Somewhere below is a line with "Habitat 90ml Scented" and, later, a line with "Oct. 22: Earthquake"; repeat those two lines and all the lines between them, exactly as they are.

- Opening Delimiter -

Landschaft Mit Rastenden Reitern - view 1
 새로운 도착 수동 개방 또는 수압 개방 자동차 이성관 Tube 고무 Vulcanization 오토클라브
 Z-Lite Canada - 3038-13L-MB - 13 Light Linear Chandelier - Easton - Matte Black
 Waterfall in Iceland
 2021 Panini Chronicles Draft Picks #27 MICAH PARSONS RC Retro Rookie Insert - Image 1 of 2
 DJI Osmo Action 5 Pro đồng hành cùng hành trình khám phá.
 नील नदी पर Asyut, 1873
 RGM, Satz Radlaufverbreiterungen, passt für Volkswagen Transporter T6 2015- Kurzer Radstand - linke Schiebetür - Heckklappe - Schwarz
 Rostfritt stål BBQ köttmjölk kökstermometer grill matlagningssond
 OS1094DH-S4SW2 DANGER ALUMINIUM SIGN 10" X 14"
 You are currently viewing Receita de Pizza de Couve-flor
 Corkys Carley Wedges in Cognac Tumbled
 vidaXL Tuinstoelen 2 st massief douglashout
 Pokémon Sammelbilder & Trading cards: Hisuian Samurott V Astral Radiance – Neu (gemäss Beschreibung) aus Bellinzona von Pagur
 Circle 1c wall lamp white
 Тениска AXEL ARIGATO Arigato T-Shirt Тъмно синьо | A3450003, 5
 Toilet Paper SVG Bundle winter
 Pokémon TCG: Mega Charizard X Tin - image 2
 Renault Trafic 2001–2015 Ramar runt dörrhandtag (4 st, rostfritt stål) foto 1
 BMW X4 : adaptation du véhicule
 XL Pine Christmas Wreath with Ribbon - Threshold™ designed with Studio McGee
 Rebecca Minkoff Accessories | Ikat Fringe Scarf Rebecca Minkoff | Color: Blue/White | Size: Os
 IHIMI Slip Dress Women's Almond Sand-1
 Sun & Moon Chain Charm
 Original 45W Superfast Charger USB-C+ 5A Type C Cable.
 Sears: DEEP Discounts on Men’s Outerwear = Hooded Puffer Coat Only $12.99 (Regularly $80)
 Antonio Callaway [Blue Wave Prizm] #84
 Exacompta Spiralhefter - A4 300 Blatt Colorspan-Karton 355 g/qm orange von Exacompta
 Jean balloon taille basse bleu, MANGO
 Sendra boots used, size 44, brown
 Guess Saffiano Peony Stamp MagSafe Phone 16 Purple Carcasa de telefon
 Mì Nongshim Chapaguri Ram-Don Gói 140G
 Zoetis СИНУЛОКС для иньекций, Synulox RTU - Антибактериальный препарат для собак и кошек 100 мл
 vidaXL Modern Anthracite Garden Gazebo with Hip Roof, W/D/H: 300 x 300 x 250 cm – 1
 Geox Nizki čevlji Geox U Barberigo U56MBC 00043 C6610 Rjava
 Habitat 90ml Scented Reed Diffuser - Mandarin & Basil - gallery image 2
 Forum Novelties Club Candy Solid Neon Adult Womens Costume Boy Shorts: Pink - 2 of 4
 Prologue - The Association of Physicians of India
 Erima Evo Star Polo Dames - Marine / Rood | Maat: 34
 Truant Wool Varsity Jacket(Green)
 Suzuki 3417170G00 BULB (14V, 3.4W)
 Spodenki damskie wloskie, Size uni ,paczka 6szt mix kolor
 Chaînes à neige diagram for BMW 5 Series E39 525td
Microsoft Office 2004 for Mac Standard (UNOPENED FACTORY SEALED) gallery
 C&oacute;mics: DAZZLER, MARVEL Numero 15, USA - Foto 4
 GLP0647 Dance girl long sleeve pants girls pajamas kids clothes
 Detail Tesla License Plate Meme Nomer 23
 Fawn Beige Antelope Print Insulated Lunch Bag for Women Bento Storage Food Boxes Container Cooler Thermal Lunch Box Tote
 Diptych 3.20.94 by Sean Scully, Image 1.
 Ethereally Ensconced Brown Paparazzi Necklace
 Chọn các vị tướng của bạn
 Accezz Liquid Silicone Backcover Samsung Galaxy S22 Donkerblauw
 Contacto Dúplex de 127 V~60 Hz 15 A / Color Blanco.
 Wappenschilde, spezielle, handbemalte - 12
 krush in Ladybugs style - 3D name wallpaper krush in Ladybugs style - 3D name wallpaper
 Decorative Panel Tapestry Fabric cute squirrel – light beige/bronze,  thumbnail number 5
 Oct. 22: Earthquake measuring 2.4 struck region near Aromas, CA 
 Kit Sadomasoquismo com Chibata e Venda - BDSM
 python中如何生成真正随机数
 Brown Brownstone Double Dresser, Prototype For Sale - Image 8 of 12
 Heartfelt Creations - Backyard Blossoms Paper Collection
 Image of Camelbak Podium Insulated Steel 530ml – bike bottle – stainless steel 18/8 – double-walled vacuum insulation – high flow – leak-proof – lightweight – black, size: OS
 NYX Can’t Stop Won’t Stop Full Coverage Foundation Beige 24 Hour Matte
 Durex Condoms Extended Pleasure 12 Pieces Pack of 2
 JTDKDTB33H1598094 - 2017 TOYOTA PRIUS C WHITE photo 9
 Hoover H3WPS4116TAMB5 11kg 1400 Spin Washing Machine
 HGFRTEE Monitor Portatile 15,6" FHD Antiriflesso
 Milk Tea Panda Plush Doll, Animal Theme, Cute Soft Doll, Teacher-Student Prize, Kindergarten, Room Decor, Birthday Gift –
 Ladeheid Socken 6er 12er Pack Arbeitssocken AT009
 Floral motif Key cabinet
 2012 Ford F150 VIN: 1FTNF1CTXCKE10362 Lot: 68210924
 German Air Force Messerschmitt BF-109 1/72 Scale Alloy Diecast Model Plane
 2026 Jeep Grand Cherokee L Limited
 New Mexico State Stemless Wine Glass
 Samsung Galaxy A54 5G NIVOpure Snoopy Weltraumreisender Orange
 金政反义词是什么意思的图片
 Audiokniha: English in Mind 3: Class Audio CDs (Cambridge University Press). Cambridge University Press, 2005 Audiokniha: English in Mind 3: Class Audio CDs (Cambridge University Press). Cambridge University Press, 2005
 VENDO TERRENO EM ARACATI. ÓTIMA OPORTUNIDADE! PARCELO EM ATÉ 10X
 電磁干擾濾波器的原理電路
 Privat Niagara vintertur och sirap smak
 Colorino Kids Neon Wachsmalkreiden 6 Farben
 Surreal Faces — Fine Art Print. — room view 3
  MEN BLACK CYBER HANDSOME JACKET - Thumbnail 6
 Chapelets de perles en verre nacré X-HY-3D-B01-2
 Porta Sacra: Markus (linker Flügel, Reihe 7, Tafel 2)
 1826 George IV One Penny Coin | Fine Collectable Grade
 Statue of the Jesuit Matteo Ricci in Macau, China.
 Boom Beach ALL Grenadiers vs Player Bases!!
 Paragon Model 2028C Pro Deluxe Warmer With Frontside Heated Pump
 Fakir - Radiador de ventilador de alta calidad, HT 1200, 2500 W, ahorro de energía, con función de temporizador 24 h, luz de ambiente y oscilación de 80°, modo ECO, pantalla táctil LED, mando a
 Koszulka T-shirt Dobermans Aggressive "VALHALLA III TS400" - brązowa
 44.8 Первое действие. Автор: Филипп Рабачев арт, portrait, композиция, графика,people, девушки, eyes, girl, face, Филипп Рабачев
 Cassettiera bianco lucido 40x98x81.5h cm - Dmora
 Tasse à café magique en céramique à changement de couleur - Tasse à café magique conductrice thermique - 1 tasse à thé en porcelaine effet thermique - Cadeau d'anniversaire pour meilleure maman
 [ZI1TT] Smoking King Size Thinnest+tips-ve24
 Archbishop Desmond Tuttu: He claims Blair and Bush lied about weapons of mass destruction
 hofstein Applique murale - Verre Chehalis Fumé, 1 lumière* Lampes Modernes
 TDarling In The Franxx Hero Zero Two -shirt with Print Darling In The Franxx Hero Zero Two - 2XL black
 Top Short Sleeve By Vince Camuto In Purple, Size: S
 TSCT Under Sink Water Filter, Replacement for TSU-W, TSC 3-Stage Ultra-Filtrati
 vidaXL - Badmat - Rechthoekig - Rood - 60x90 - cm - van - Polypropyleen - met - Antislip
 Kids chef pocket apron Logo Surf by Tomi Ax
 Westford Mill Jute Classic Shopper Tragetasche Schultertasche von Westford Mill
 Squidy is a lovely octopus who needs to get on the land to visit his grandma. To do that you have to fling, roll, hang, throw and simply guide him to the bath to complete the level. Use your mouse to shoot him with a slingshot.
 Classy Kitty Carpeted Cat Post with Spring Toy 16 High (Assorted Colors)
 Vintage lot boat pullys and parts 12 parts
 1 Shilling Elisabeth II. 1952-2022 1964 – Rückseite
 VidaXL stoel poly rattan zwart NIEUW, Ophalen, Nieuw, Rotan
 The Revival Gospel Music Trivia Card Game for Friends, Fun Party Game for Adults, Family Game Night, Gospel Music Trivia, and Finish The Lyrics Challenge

- Closing Delimiter -

== Problem solution ==
 Habitat 90ml Scented Reed Diffuser - Mandarin & Basil - gallery image 2
 Forum Novelties Club Candy Solid Neon Adult Womens Costume Boy Shorts: Pink - 2 of 4
 Prologue - The Association of Physicians of India
 Erima Evo Star Polo Dames - Marine / Rood | Maat: 34
 Truant Wool Varsity Jacket(Green)
 Suzuki 3417170G00 BULB (14V, 3.4W)
 Spodenki damskie wloskie, Size uni ,paczka 6szt mix kolor
 Chaînes à neige diagram for BMW 5 Series E39 525td
Microsoft Office 2004 for Mac Standard (UNOPENED FACTORY SEALED) gallery
 C&oacute;mics: DAZZLER, MARVEL Numero 15, USA - Foto 4
 GLP0647 Dance girl long sleeve pants girls pajamas kids clothes
 Detail Tesla License Plate Meme Nomer 23
 Fawn Beige Antelope Print Insulated Lunch Bag for Women Bento Storage Food Boxes Container Cooler Thermal Lunch Box Tote
 Diptych 3.20.94 by Sean Scully, Image 1.
 Ethereally Ensconced Brown Paparazzi Necklace
 Chọn các vị tướng của bạn
 Accezz Liquid Silicone Backcover Samsung Galaxy S22 Donkerblauw
 Contacto Dúplex de 127 V~60 Hz 15 A / Color Blanco.
 Wappenschilde, spezielle, handbemalte - 12
 krush in Ladybugs style - 3D name wallpaper krush in Ladybugs style - 3D name wallpaper
 Decorative Panel Tapestry Fabric cute squirrel – light beige/bronze,  thumbnail number 5
 Oct. 22: Earthquake measuring 2.4 struck region near Aromas, CA 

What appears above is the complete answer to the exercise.